A sua geografia ergue-se num declive que proporciona a construção de casas típicas entre a leve envolvência da arte do homem e da natureza. As ruas estreitas causam curiosidade e espanto, vontade de as pisar e de sentir aquele chão tão artesanal onde ecoaram tantas vidas passadas. Os tapetes de xisto revelam uma obra notável, tão bela quanto a destreza e o gosto da arte de esculpir artesanalmente a pedra. Não admira que este lugar curioso e mágico, um lugar onde mora a tranquilidade, seja oficina de artesãos que dão nome e unicidade a uma arte que trazemos no peito à despedida.

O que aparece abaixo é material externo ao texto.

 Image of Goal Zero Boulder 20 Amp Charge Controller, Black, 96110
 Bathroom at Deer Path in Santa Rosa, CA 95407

Aqui, onde se vive envolto pelo aparente isolamento, Gondramaz preserva o espírito da arquitetura tradicional. Cada recanto é geografia para uma nova obra onde a arte alicia vestígios de intensa religiosidade. As alminhas encrustadas nas paredes, as estatuetas de animais e homens, os avisos e os santos que escolhem o seu lugar numa parede de xisto que só os mais atentos lhe colocarão o olhar.

A Serra da Lousã, na extremidade da Cordilheira, possui uma dúzia de Aldeias de Xisto, todas elas com as suas singularidades que o mais comum dos mortais não consegue deixar a imagem. Visitar Gondramaz é mergulhar no rio do tempo e imaginar como era a vida desta aldeia pitoresca nos séculos passados. Contemplar Gondramaz é olhar um núcleo de casinhas e suas janelinhas alindadas por parapeitos de flores, entrepostas por ruas estreitas, por encruzilhadas onde cada ângulo e cada esquina arrancam ecos de palavras, de cantos e risos, de suor e dificuldades dispostas em verso para a declamação de um novo poema.